R. Puede ser que suceda pero me cuesta mucho imaginarlo. Creo que seguirá siendo un trabajo de colaboración entre humanos y máquinas, como ocurre con la literatura generativa, que existe desde los años 50 e incluso antes, si tenemos en cuenta las instrucciones de Tristan Tzara para construir un poema dadaísta, aquello de coger un periódico, recortar frases y sacarlas al azar de una bolsa… Pero siempre habrá una parte en la que entre en juego lo humano para determinar qué combinación suena mejor. Me cuesta pensar para qué y para quién haría literatura la inteligencia artificial. Lo que debemos cuestionarnos con respecto a ella es quién la programa, por qué, con qué intereses y con qué sesgos ideológicos o de género. Por ejemplo, en México se dio el caso de una novela creada por un software de escritura a partir de una serie de datos, que es la historia de un príncipe azteca y una princesa, con unos roles de seducción muy esquemáticos y unos verbos sumamente patriarcales para referirse a la princesa. Aunque las máquinas son capaces de hacer cosas realmente interesantes, la experimentación seguirá estando del lado de la inteligencia humana.

P. ¿Qué papel deben cumplir las humanidades en un mundo cada vez más dominado por la ciencia y la tecnología, el llamado “mundo STEM” (acrónimo de ciencia, tecnología, ingeniería y matemáticas en inglés)?

R. Lo importante es mantener una distancia crítica frente al tecnoentusiasmo. Porque la gran pregunta es en manos de quién vamos a dejar la programación de los espacios que habitamos. Si tenemos una vida online, tendríamos que tener el control sobre ella nosotros, como ciudadanos. Todo el mundo en algún momento tiene alguna pregunta ética que hacerse, y todo el mundo debería tener derecho a reflejar esas preguntas y a hablar de sus propias comunidades y de lo que es importante para ellas. Y quienes tenemos que realizar esa crítica debemos ser precisamente los interesados en la cultura digital. Pero si seguimos pensando que hablar de literatura y filosofía es hablar de libros, tenemos un problema.
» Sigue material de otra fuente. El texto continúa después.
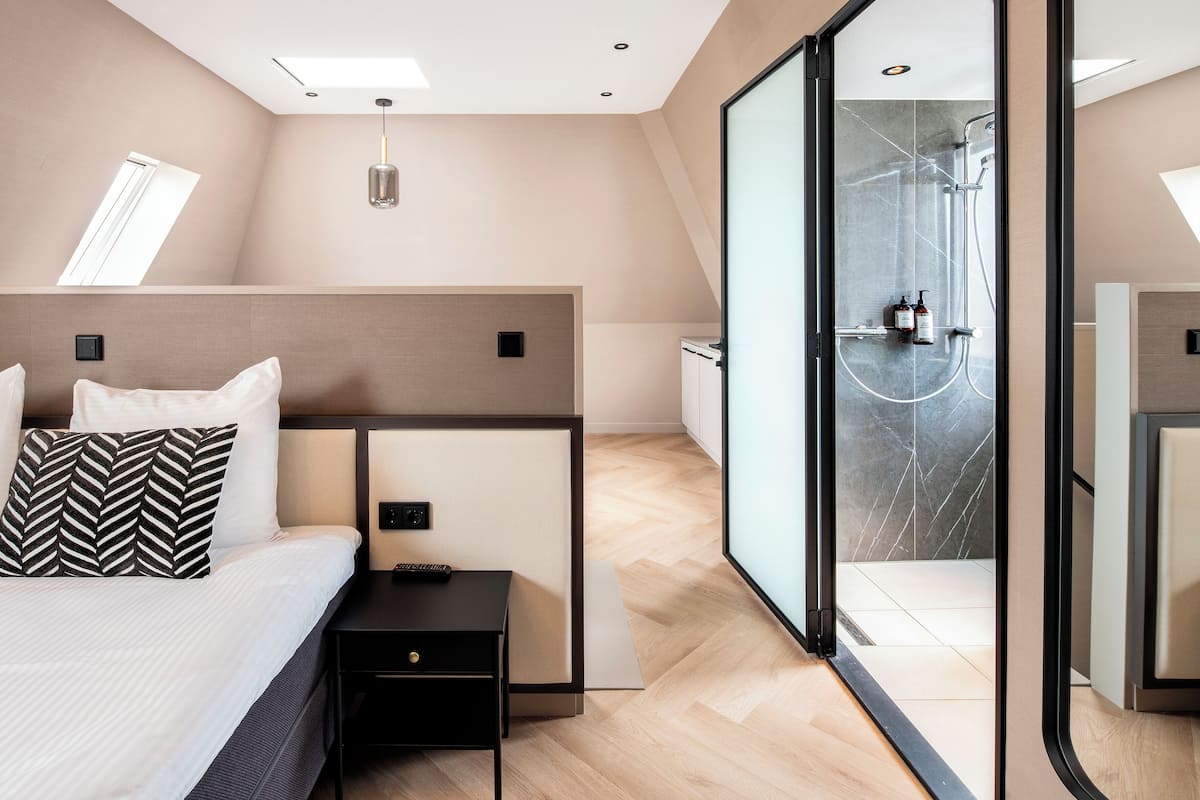 A modern hotel room with a bed, bedside table, and a glass-enclosed shower area.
P. ¿Cree que el ser humano está cambiando en su esencia (a nivel cognitivo, ético, emocional) en esta nueva era digital?

R. Aquí el primer problema es el término “esencia”. Es como si fuera la misma desde que nos erguimos sobre dos patas, como si no hubiera cambiado hasta que llegaron las computadoras, pero creo que esa supuesta esencia no ha sido tan esencial como se suele pensar. Desde luego las nuevas tecnologías han cambiado muchísimo la forma en que nos relacionamos, nuestros afectos están totalmente sesgados por su uso. Cuántas parejas se forman y se rompen debido a las redes sociales o una aplicación móvil. En cuanto al nivel cognitivo, yo ya no puedo llegar a la esquina sin GPS, mi relación con lo espacial cambió a partir de tener una herramienta de mapeo. Nuestra inteligencia se ha vuelto conectiva y menos acumulativa y de memorización. Pero esto pasa desde que existen los libros. Si fuéramos druidas celtas pasaríamos ocho años en la oscuridad memorizando. Por eso digo que la esencia humana no ha sido tan inmutable como creemos.